Begley, who's been absolutely wonderful this season, will be missed, but his death offers rich potential going forward. I'll plant my flag right now on the possibility that the killer is the sociology professor and/or students that he is controlling via his weird prison mind-control experiments. Maybe former students have formed a rogue cult springing from the game (can Veronica Mars really spend a full season on a college campus without dipping into secret societies?). If there's going to be a continuous thread tying both mysteries together, it could be that. Or I could be making too much of something just meant to establish the beginning of Moe's and Mercer's peculiar alliance; it wouldn't be the first time I read something portentous into a relatively minor subplot (hell, maybe the good old Manning family killed O'Dell!). Anyway, I strongly suspect that Mrs. O'Dell's affair is a misdirect; not only is it too obvious, but the Dean looks like he's seeing someone more unexpected enter his office. They've certainly done a good job cultivating many potential suspects.

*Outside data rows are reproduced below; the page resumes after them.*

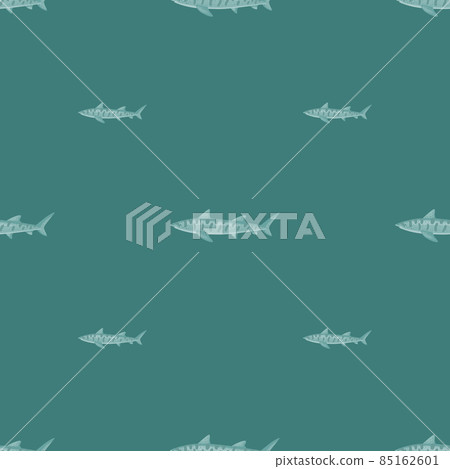 Leopard shark seamless pattern in scandinavian style. Marine animals background. Vector illustration for children funny textile. Leopard shark seamless pattern in scandinavian style. Marine animals background. Vector illustration for children funny textile. 85162601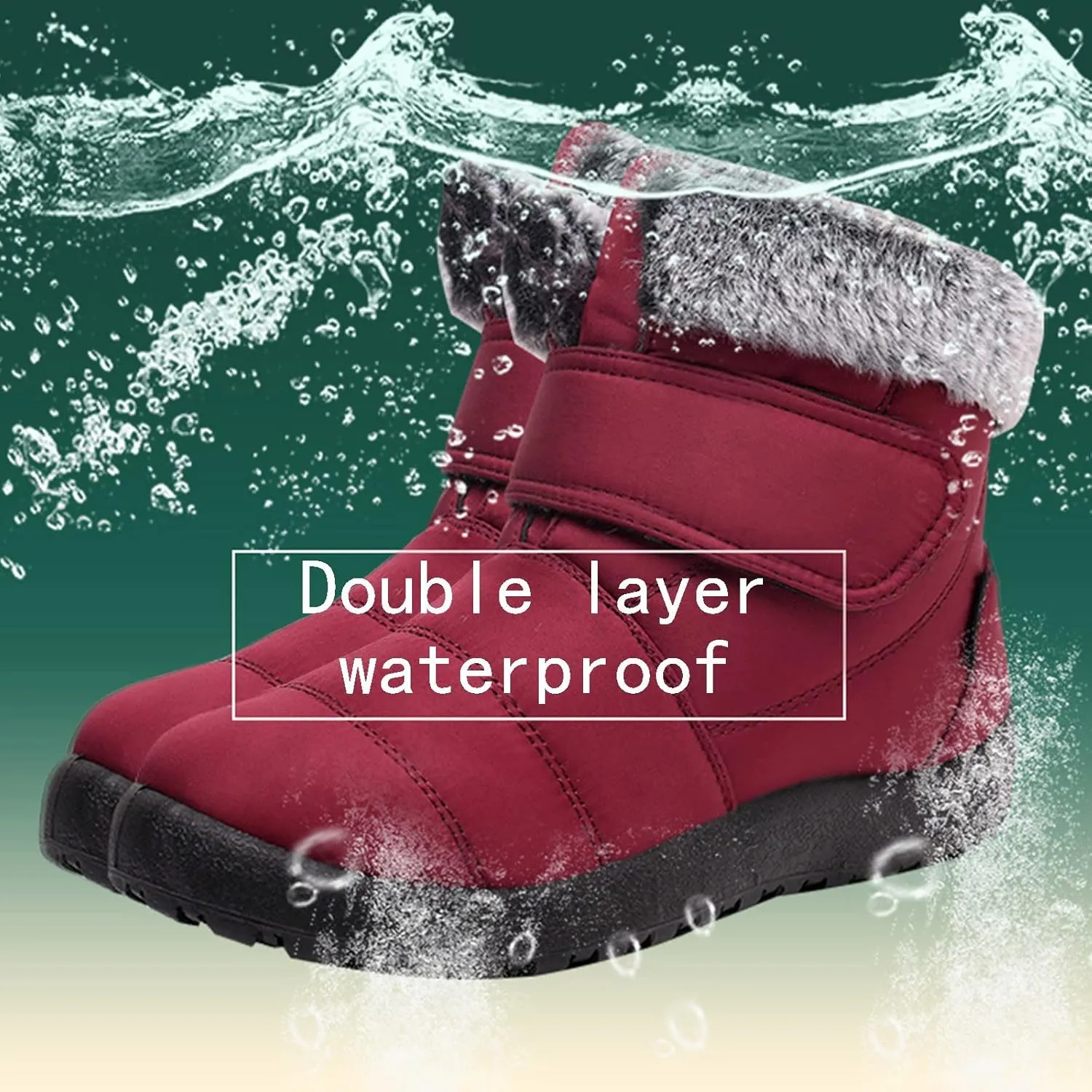 Winter Boots for Women Waterproof Snow Wide Width Women Snow Boot Womens Size 9 Winter Boots Zip Up Winter Boots for Women Waterproof Botas Para Mujer De Invierno De Vestir Elegantes Con Tacon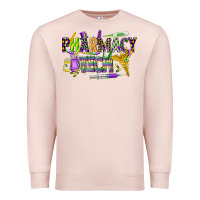 Pale Pink mardi gras pharmacy tech Premium Sweatshirt - CowGirlArtShop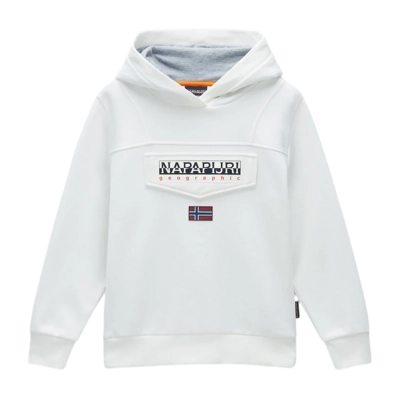 Hoodie Napapijri Burgee W 3 Kinder White Heron
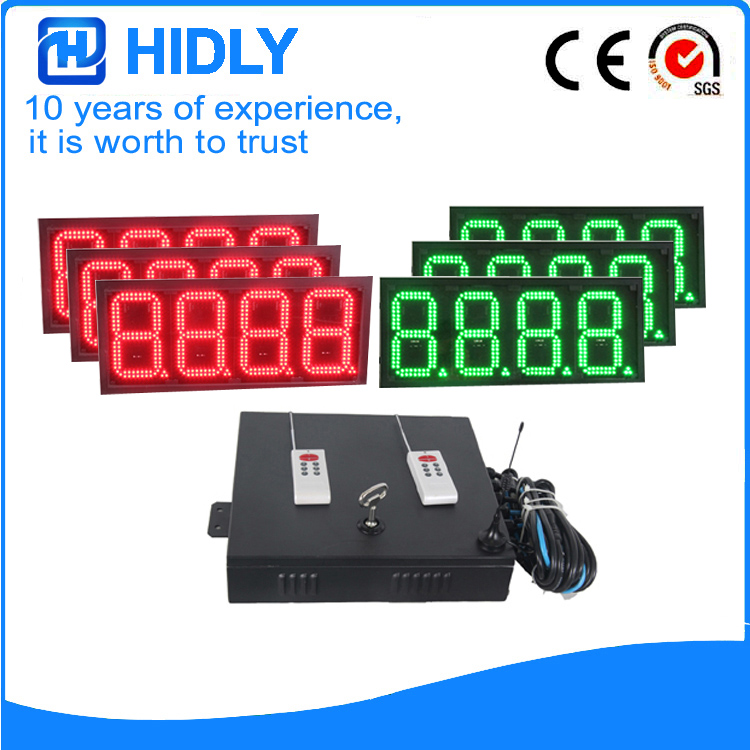 8 Inch 3R3G 8888 LED Oil Display For Station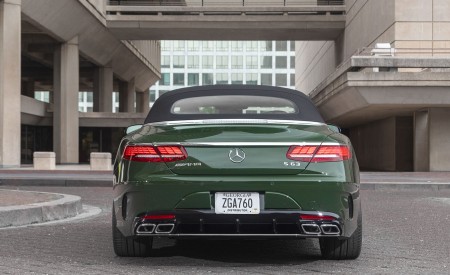 2020 Mercedes-AMG S 63 Cabriolet (US-Spec) Rear Wallpapers 450x275 (22)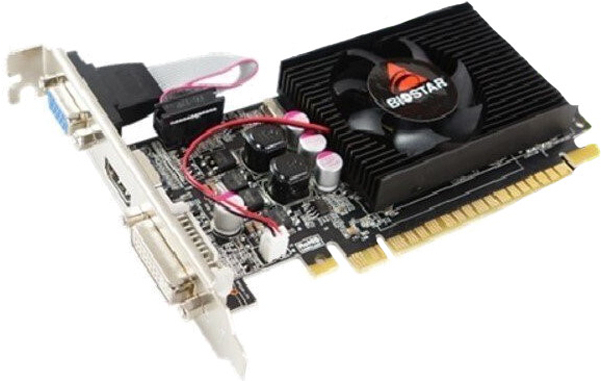 

Видеокарта BIOSTAR NVIDIA GeForce GT210 1GB 64bit DDR3 [VN2103NHG6], Видеокарта Biostar GT 210 (VN2103NHG6)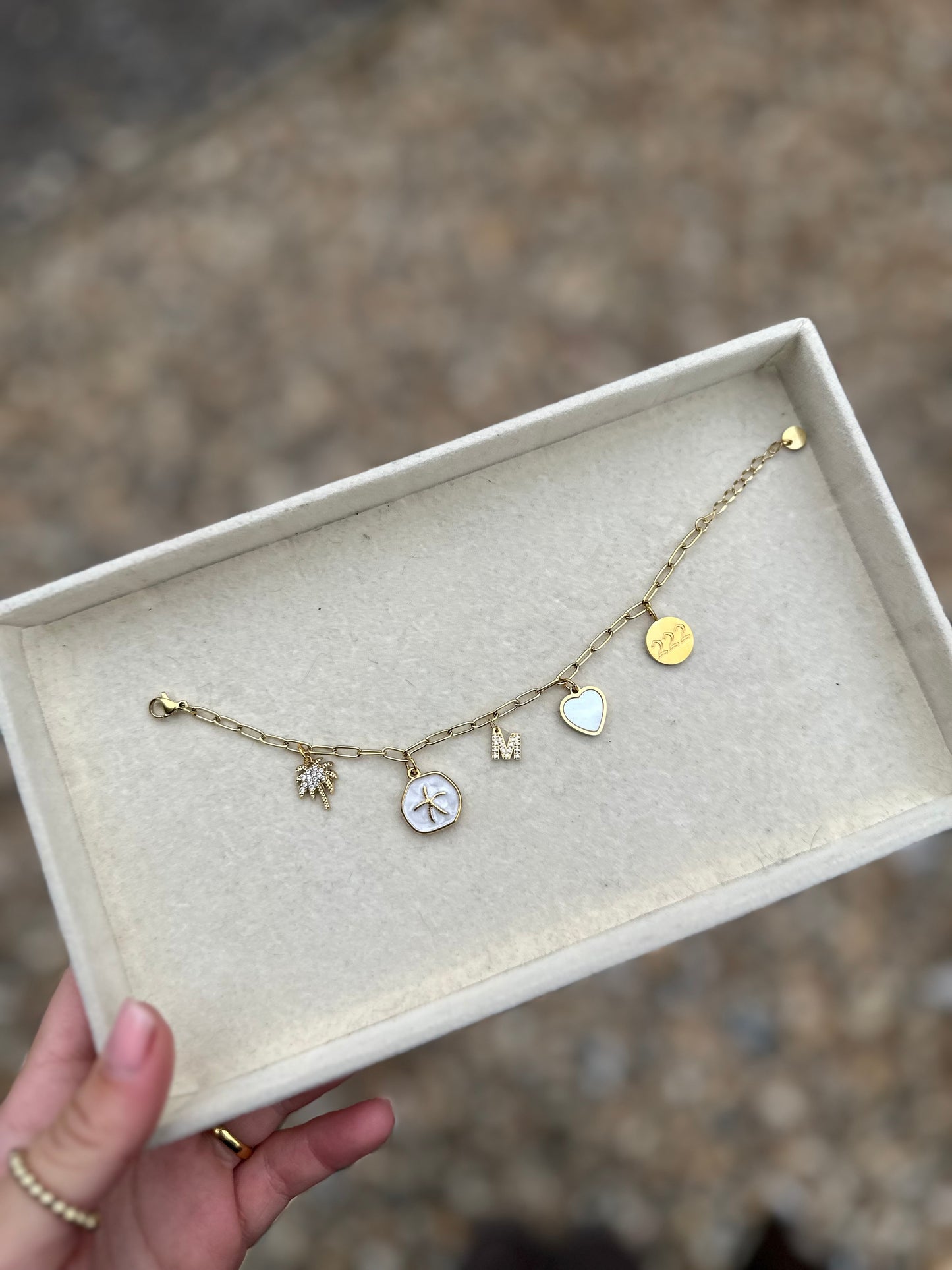 Small Links Bracelet Chain Gold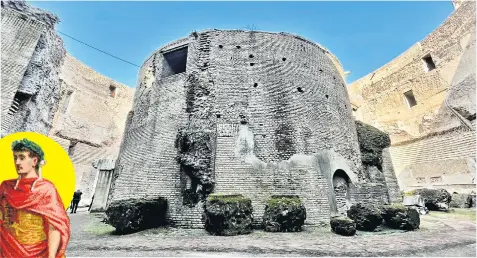  ??  ?? The Mausoleum of the Emperor Augustus in Rome is reopening after five years’ restoratio­n. Augustus, left, began constructi­on in 28BC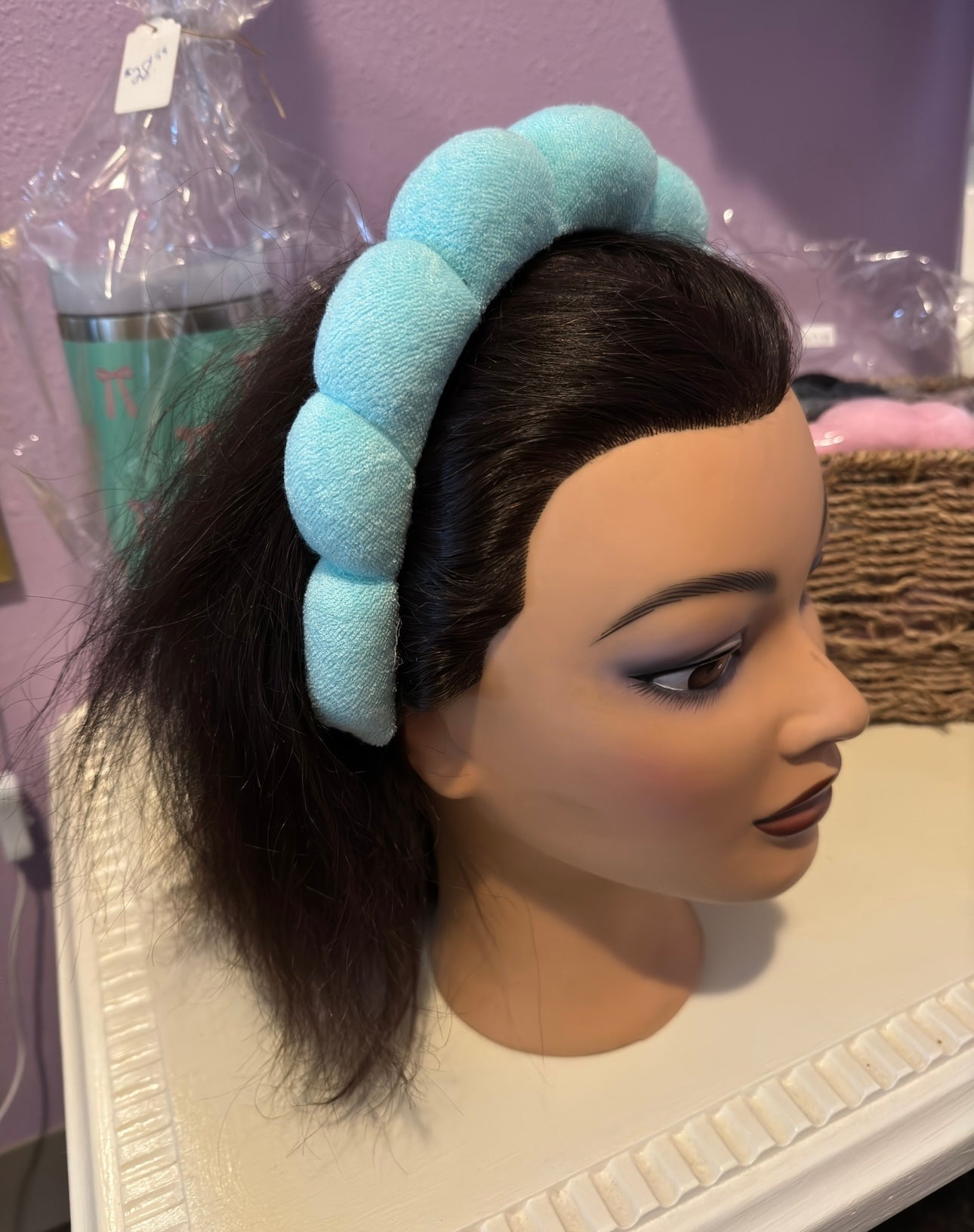 Spa Terry Towel Headband in Teal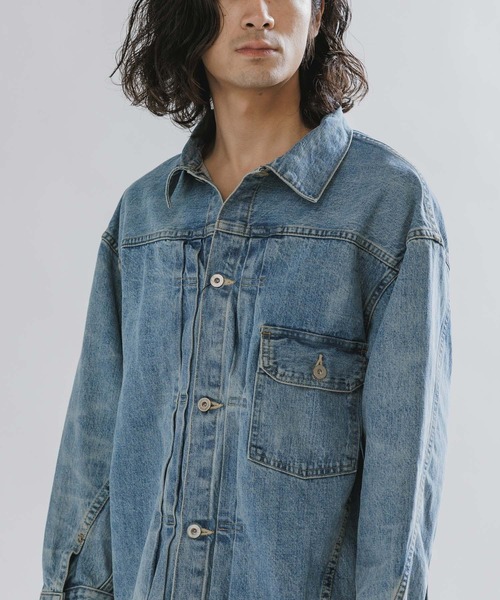 1st　GDC デニムジャケット ストーンウォッシュ SKEWed（スキュー） デニムジャケット gジャン ストーンウォッシュ加工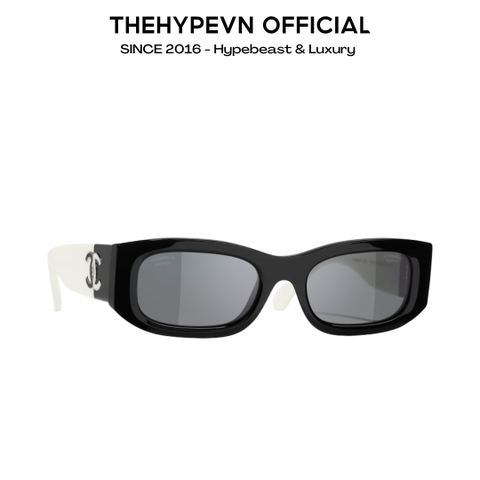KÍNH CHANEL RECTANGLE POLARIZED S5628 BLACK WHITE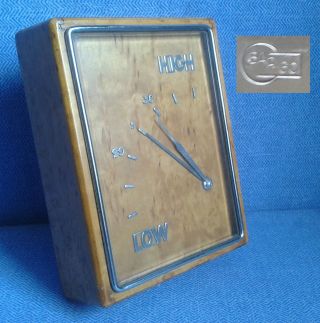 Uraltes Barigo Barometer Echtes Holz,  Chrom,  Echtglas; Skala Inch,  England Bild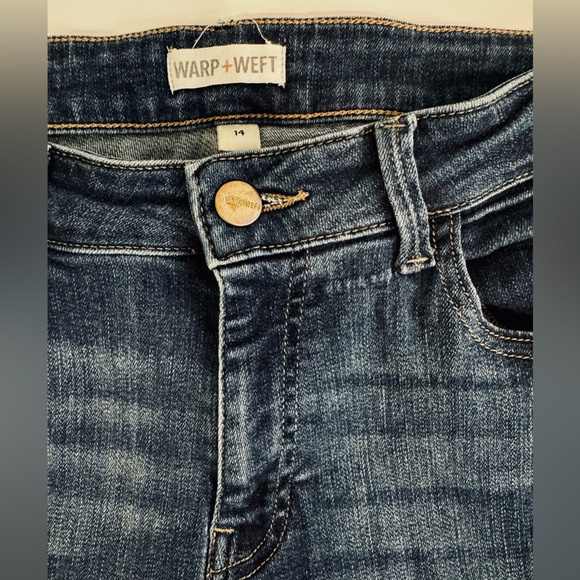 Warp & Weft JFK New York City Skinny Jeans Size 14 - Picture 7 of 16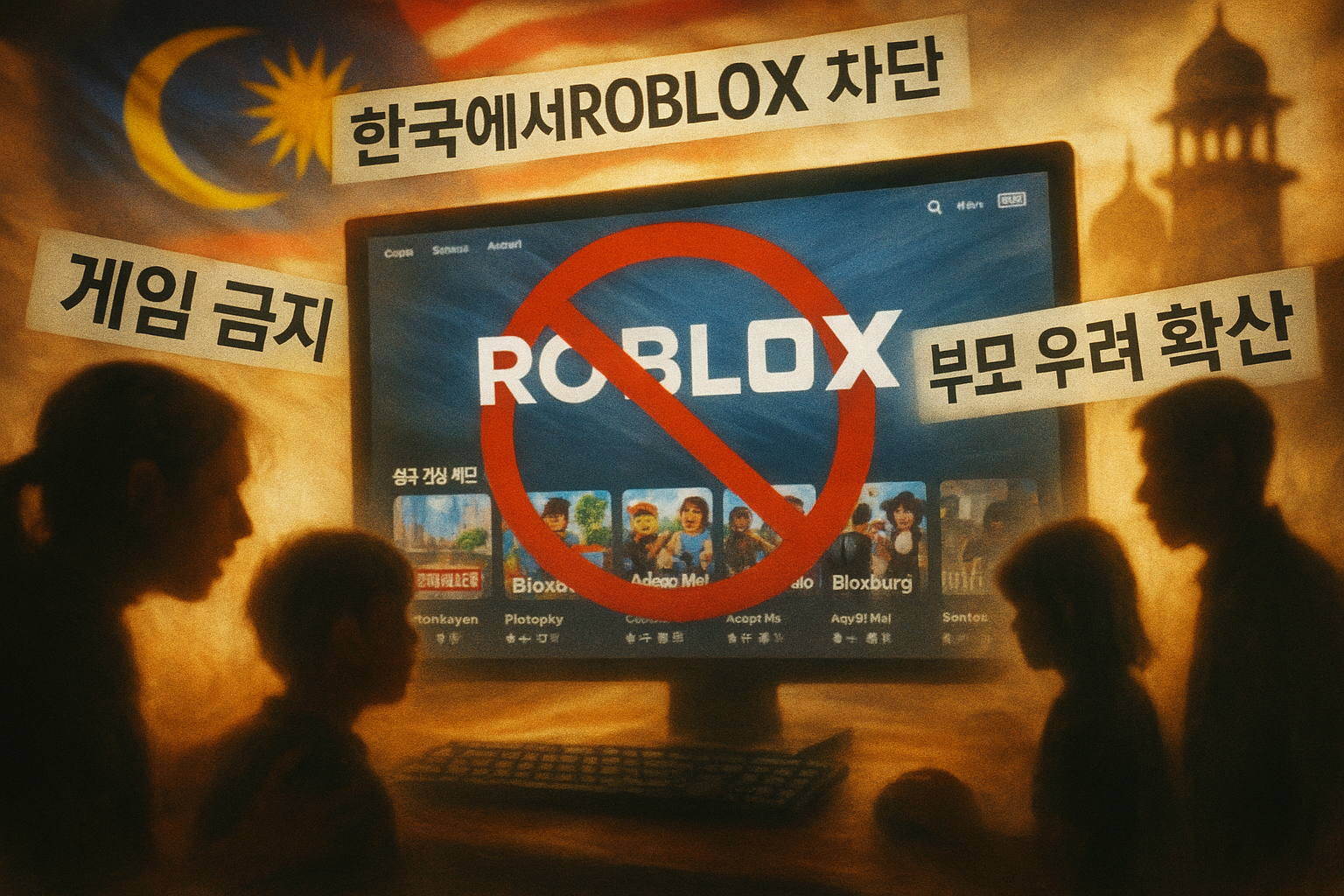 말레이시아 발칵, 로블록스 금지 검토... 형제간 폭력 사건으로 논란 확산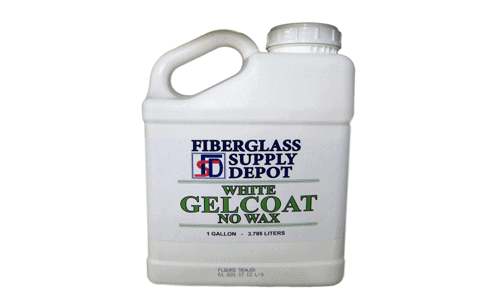 Gelcoat (No Wax), White, 1 Gallon - Boat Builder Central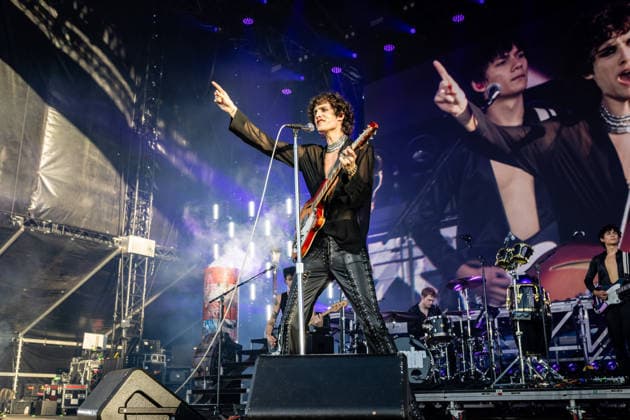 Sombr live at Syd For Solen 2026 Copenhagen, Denmark. 13th, August 2026. The American singer and songwriter Sombr performs a live concert during the Danish music festival Syd For Solen 2026 in Copenhagen. Denmark, Copenhagen  Copyright: xGonzalesxPhoto ErlingxBrodersenx
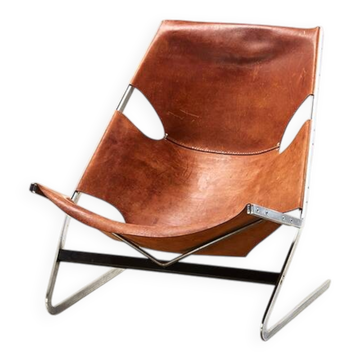 Fauteuil lounge très rare de Pierre Thielen (attribué), Pays-Bas, années 1960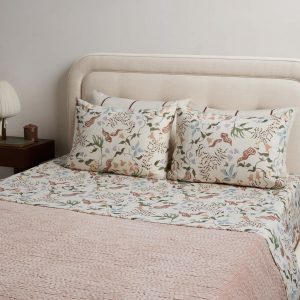 Lulu and Georgia Untamed Garden Linen Cotton Sheet Set by Sarah Sherman Samuel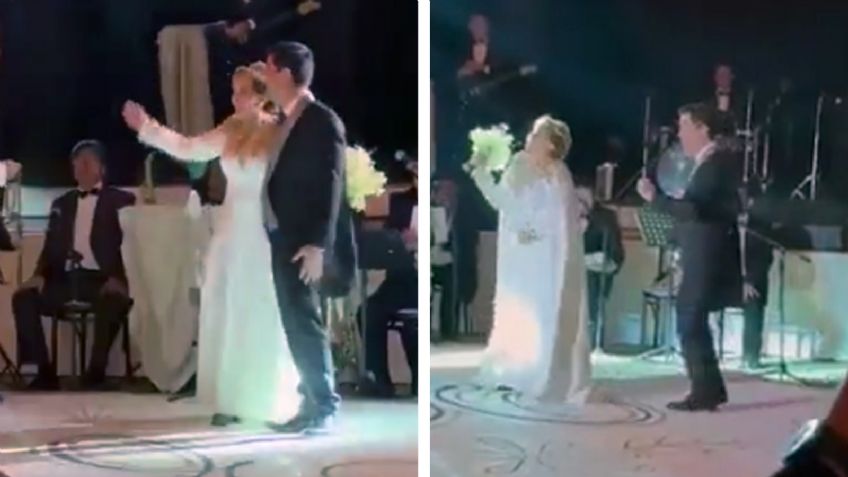 Pese a destrozos, Elba Esther Gordillo celebra su boda y filtran video del baile nupcial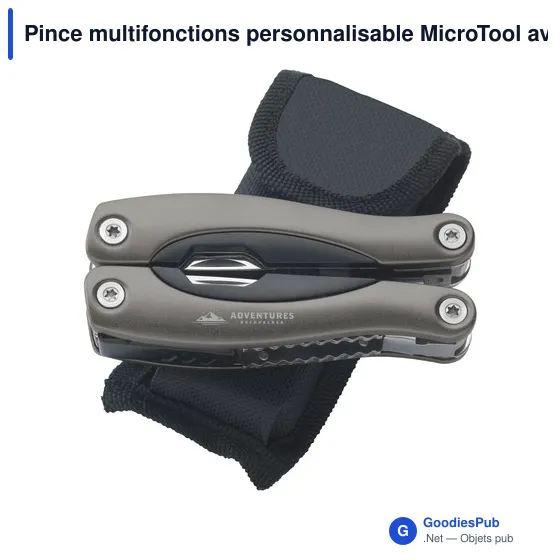 Pince multifonctions personnalisable MicroTool avec logo - Image 9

Finally, solo writer/director/creator Thomas is perhaps at his strongest when grappling with Veronica and Logan. This is, I believe, their third breakup - did she ever actually dump him during the confusion of late season one, when she thought he was probably the killer and gave her GHB? By now they know each other well enough to handle it maturely and soberly but we can see how badly it's eating up Logan (this is some of Dohring's best, subtlest work for the show). Veronica on the other hand looks calmer, even to the point of seeming like perhaps she was ready for or even wanted this, before breaking down in the shower an extremely affecting, authentic delayed reaction. Amidst all the larger-than-life drama and action, moments like this anchor the series and remind us that in three years and sixty-four episodes, the show doesn't just effectively deliver mystery beats - it crafts compelling, intricate characters who breathe life into everything else onscreen.